What other quality hand grinder can do 80g at a time?


----------



## Mrboots2u (May 10, 2013)

For those interested

Looks like Lido 2 will start with a stock of 500 for pre order, judging on the chatter from other forums seems they are week into 120s and above already .


----------



## kikapu (Nov 18, 2012)

Mrboots2u said:


> For those interested
> 
> Looks like Lido 2 will start with a stock of 500 for pre order, judging on the chatter from other forums seems they are week into 120s and above already .


tempting the only thing is when I get hit with import duty MrsKikapu will work out that it cost more than a few quid!


----------



## DavidBondy (Aug 17, 2010)

MWJB said:


> What other quality hand grinder can do 80g at a time?

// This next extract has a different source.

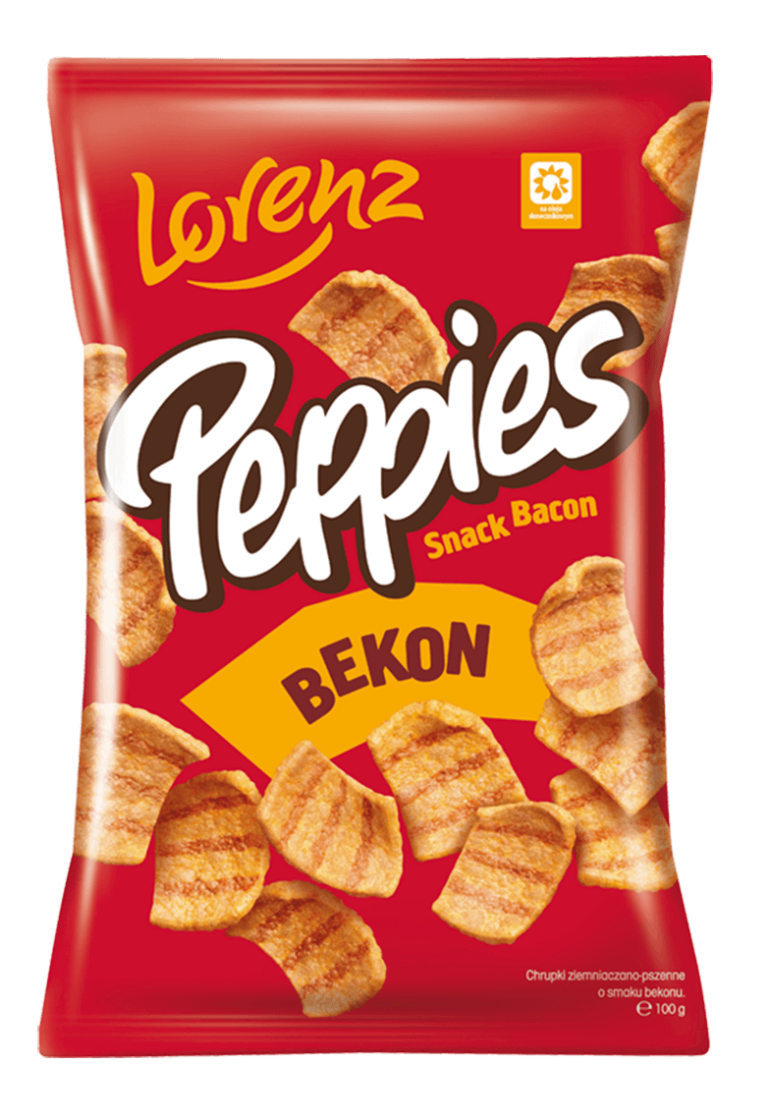 LORENZ PEPPIES POTATO-WHEAT SNACKS BACON FLAVOUR 100G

Fair point. I grind 20g at a time with the Rosco and you couldn't possibly get 80g in. I expect that 40g is probably about max.

David


----------



## Charliej (Feb 25, 2012)

Geordie Boy said:


> Taken from http://www.hmrc.gov.uk/customs/post/buying.htm#3 (I've excluded the bit on Alcohol and tobacco, and, Perfume and toilet water, as they're not really applicable, hence a grinder would fall under 'All Other Goods').
> 
> *Tax on goods bought from a non-EU country*
> 
> ...


----------



## Geordie Boy (Nov 26, 2012)

Yep, having looked at the HMRC website more thoroughly, i think you're right and dutycalculator.com is wrong!


----------



## The Systemic Kid (Nov 23, 2012)

When I imported my HG One, VAT and Excise Duty was levied on shipping and insurance costs as well - ouch. What was that saying - only two things certain in life? - death and taxes.


----------



## Mrboots2u (May 10, 2013)

The Systemic Kid said:


> When I imported my HG One, VAT and Excise Duty was levied on shipping and insurance costs as well - ouch. What was that saying - only two things certain in life? - death and taxes.


Yep just paid my self assesment , payment on account part 1 . That's a big chunk of money that I'll never see again .


----------



## Neill (Jun 26, 2013)

Mrboots2u said:


> Yep just paid my self assesment , payment on account part 1 . That's a big chunk of money that I'll never see again .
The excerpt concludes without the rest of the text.